Following a ketogenic diet – high in fat and protein and low in carbohydrates – has proven helpful in treating substance use disorders, according to a team of China-based researchers. While demonstrating the benefits for addiction and overall health, the strict nature of the diet may also lead to an increased risk of malnutrition, worsening the nutritional status of the already vulnerable population with a substance use problem.
The study, published in Frontiers in Nutrition, further notes that the ketogenic diet reduces the intake of carbohydrates and brings other positive effects, such as neuroprotection, reducing inflammation and regulating the gut microbiota.
Gut microbes – bacteria, fungi and viruses found in the gastrointestinal tract – regulate neurological functions and have been associated with several neurological diseases such as Alzheimer’s disease, Parkinson’s disease, multiple sclerosis, Huntington’s disease, anxiety and depression.
The study details another research on patients with alcohol overconsumption for over ten years.
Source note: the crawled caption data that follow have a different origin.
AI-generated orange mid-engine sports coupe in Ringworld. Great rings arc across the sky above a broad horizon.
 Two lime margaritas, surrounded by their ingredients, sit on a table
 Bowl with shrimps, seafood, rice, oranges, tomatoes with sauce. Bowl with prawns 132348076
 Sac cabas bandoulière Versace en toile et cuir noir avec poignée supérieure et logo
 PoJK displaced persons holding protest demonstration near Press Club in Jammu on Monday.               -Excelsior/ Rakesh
It showed “a higher relative abundance of bacteria from phylum Proteobacteria and higher levels of the genera Sutterella, Holdemania and Clostridium, and a lower relative abundance of bacteria from genus Faecalibacterium compared to control patients with no or low alcohol intake history.”
Disorders in the gut microbiota caused by substance abuse might also cause behavior changes. Bacteria can also reduce substance-induced behavioral responses, according to the researchers, as they believe that the probiotic Lactobacillus rhamnosus may reduce cocaine-induced behavioral responses.
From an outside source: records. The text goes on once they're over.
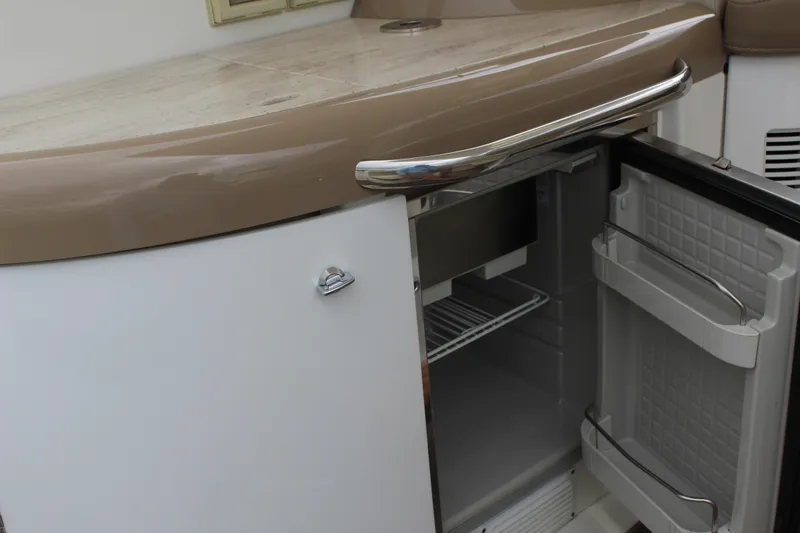 Slide: The Image of 2016 Formula 37 PC yacht interior with open mini fridge and sleek countertop. - 15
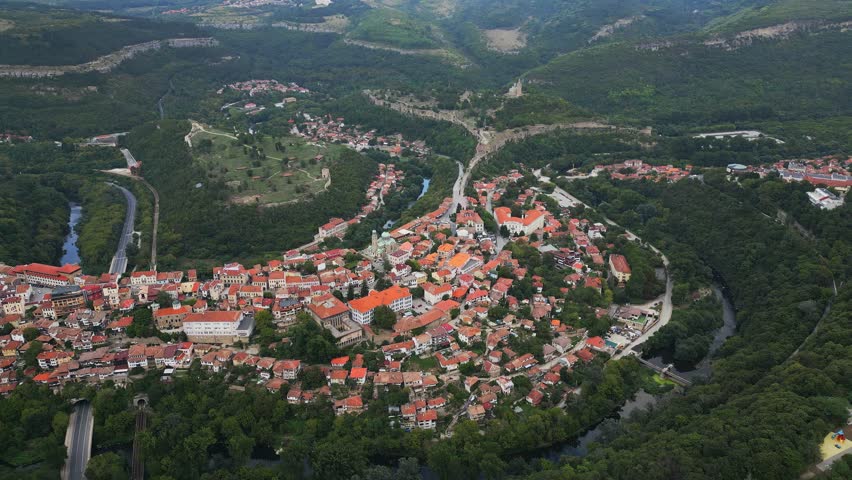 An aerial view of Veliko Tarnovo reveals a Bulgarian city rich in history and culture, with its beautiful buildings, streets, and picturesque hills.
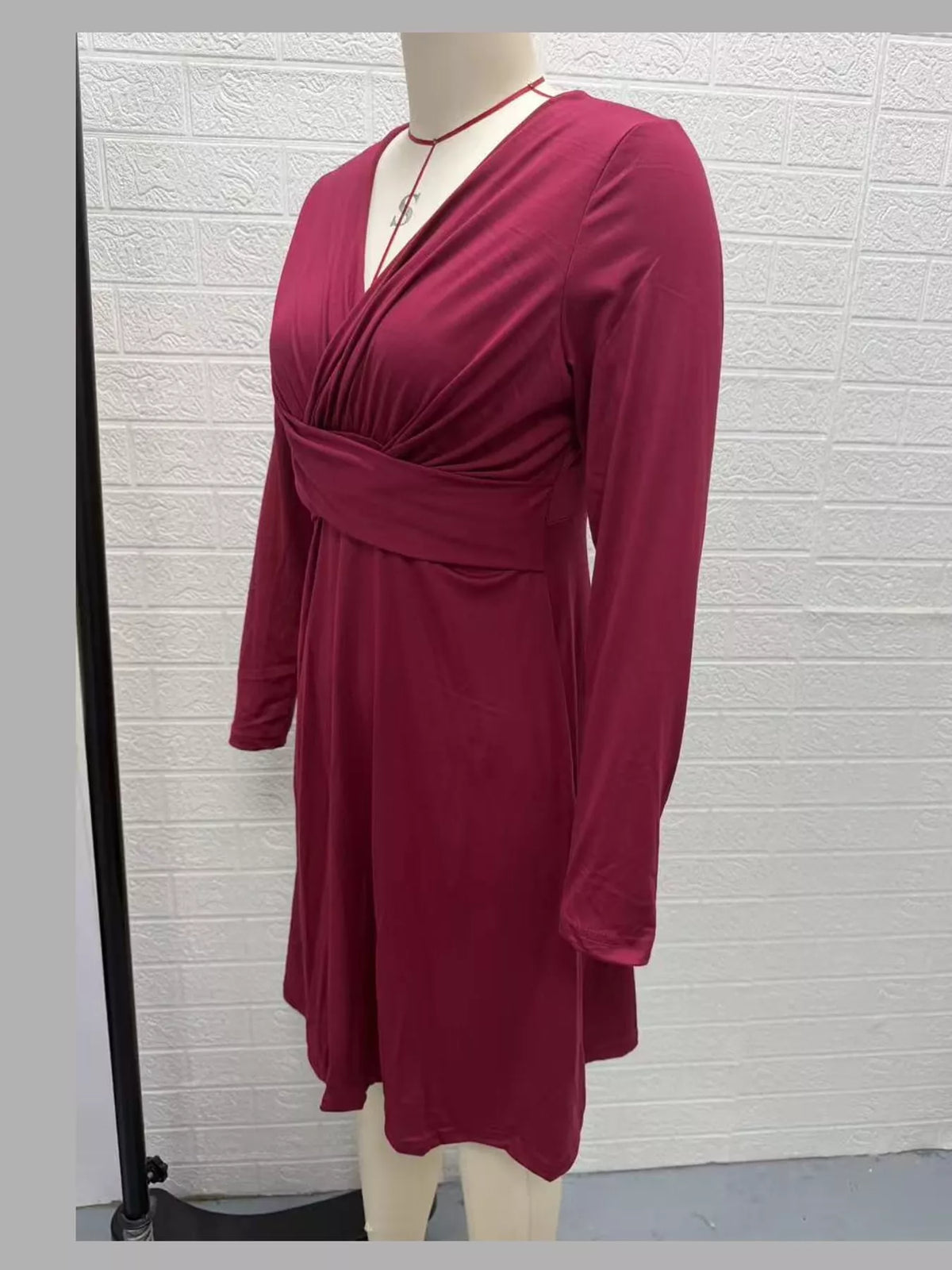 Burgundy long sleeve ruched-front midi dress, side view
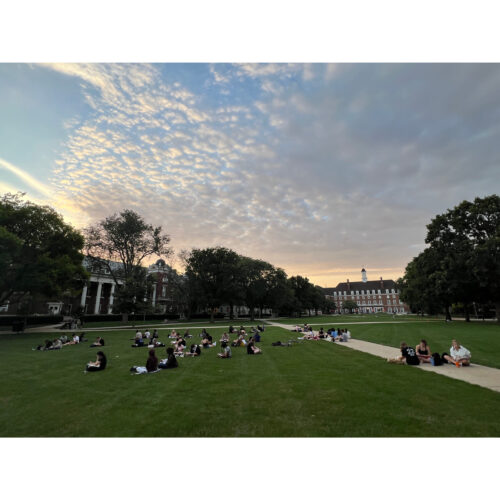 sun going down on students working in north quad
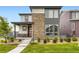 Beautiful home with a stone accent wall, inviting porch with chairs, and manicured front lawn at 6211 Stable View St, Castle Pines, CO 80108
Keto diets may also benefit substance abusers health through the gut microbiota. “The general decrease in Akkermansia in substance use disorders may be reversed by a ketogenic diet,” argues the study.
The authors note that sugar intake is associated with an increased risk of substance use disorder and that young people with a higher sweet-liking status have an increased risk of addiction. They further note that heroin, alcohol or cocaine addicts usually prefer highly-sweet foods and higher concentrations of sucrose.
The study also highlights that weight loss surgery patients have an increased risk of substance use disorders. “It has been shown that excessive intake of carbohydrates, whether monosaccharides (glucose and fructose), disaccharides (sucrose), or polysaccharides (starch and glycogen) can injure human health,” reads the study.
When the withdrawal ends, dietary patterns usually improve, it further explains.
Not all good
Despite the many health claims, the researchers also note that concerns have been raised about the negative impacts of the keto diet on the gut microbiota and overall health. The findings showed that one month of following the diet decreased the number of beneficial bacteria for inflammatory bowel disease, increasing inflammation systematically and in the gut.
The researchers say this may be due to individual differences and require further exploration. They further point out that ketogenic diets are concerning for neurological diseases, causing a decreased appetite and increased risk of malnutrition. Therefore it should be cautioned for those with a substance use disorder, as this group usually suffers from multisystem disorders and already have a heightened risk of malnutrition.
Meanwhile, the diet is also difficult to sustain. A Denmark-based study published last year argued that although it’s been shown beneficial for people with diabetes and regulates short-term weight loss and glucose levels, it doesn’t last long after going off the diet.
The diet was also recently labeled as having the worst environmental impact in a US-based study. The keto diet generated 3 kg of carbon dioxide per 1,000 calories consumed. The paleo diet was just a little behind with 2.6 kg per 1,000 calories. The vegan diet was shown to be kindest to the planet, as per 1,000 calories consumed, it generated 0.7 kg of carbon dioxide, followed by the vegetarian and pescetarian diet.